Task goal.
In the records below, find the line containing "Garnek Eva Solo Dura Line 4.8l - Ø20 cm - 2" and the line containing "suvi - 2026-04-03T14:03:39.743000". Give again exactly those lines and every line between them, omitting the pictures.

Data extracts.
# # #
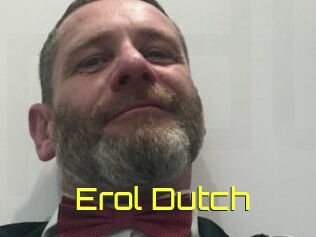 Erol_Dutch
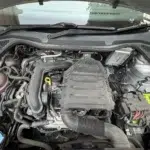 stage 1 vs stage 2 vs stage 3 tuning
# # #
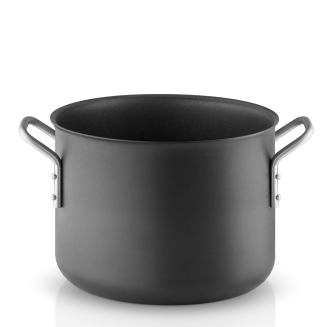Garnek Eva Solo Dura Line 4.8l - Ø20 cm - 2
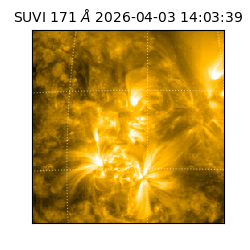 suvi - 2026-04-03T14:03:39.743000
# # #
Reply.
Garnek Eva Solo Dura Line 4.8l - Ø20 cm - 2
 suvi - 2026-04-03T14:03:39.743000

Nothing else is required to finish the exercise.